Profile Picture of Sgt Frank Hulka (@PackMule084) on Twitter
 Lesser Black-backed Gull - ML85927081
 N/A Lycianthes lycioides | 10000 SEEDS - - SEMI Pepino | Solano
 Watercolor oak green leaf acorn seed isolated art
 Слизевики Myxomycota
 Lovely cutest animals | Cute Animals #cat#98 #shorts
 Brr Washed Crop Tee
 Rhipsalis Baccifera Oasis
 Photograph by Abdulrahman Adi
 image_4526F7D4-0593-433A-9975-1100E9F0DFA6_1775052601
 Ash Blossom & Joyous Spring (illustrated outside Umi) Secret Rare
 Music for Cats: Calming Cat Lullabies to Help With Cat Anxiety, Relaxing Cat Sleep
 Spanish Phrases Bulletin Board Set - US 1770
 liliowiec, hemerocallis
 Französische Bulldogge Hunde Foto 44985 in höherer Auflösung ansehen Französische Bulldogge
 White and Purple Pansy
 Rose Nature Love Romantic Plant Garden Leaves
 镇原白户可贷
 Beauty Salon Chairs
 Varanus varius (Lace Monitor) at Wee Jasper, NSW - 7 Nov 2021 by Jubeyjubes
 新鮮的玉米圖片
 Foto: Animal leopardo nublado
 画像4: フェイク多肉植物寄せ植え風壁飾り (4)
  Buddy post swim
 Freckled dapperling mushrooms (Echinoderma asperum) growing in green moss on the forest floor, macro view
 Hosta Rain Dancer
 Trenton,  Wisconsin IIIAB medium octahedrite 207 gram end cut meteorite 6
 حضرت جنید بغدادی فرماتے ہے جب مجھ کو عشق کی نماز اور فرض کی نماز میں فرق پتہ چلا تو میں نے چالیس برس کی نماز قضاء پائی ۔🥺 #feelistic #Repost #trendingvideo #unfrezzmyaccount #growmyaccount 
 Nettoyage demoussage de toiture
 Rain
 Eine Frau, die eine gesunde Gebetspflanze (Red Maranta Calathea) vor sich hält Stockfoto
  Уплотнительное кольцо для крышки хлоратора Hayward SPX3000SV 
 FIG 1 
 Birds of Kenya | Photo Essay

-.-.-

Transcribe all of the material exactly as it appears.

Profile Picture of Sgt Frank Hulka (@PackMule084) on Twitter
 Lesser Black-backed Gull - ML85927081
 N/A Lycianthes lycioides | 10000 SEEDS - - SEMI Pepino | Solano
 Watercolor oak green leaf acorn seed isolated art
 Слизевики Myxomycota
 Lovely cutest animals | Cute Animals #cat#98 #shorts
 Brr Washed Crop Tee
 Rhipsalis Baccifera Oasis
 Photograph by Abdulrahman Adi
 image_4526F7D4-0593-433A-9975-1100E9F0DFA6_1775052601
 Ash Blossom & Joyous Spring (illustrated outside Umi) Secret Rare
 Music for Cats: Calming Cat Lullabies to Help With Cat Anxiety, Relaxing Cat Sleep
 Spanish Phrases Bulletin Board Set - US 1770
 liliowiec, hemerocallis
 Französische Bulldogge Hunde Foto 44985 in höherer Auflösung ansehen Französische Bulldogge
 White and Purple Pansy
 Rose Nature Love Romantic Plant Garden Leaves
 镇原白户可贷
 Beauty Salon Chairs
 Varanus varius (Lace Monitor) at Wee Jasper, NSW - 7 Nov 2021 by Jubeyjubes
 新鮮的玉米圖片
 Foto: Animal leopardo nublado
 画像4: フェイク多肉植物寄せ植え風壁飾り (4)
  Buddy post swim
 Freckled dapperling mushrooms (Echinoderma asperum) growing in green moss on the forest floor, macro view
 Hosta Rain Dancer
 Trenton,  Wisconsin IIIAB medium octahedrite 207 gram end cut meteorite 6
 حضرت جنید بغدادی فرماتے ہے جب مجھ کو عشق کی نماز اور فرض کی نماز میں فرق پتہ چلا تو میں نے چالیس برس کی نماز قضاء پائی ۔🥺 #feelistic #Repost #trendingvideo #unfrezzmyaccount #growmyaccount 
 Nettoyage demoussage de toiture
 Rain
 Eine Frau, die eine gesunde Gebetspflanze (Red Maranta Calathea) vor sich hält Stockfoto
  Уплотнительное кольцо для крышки хлоратора Hayward SPX3000SV 
 FIG 1 
 Birds of Kenya | Photo Essay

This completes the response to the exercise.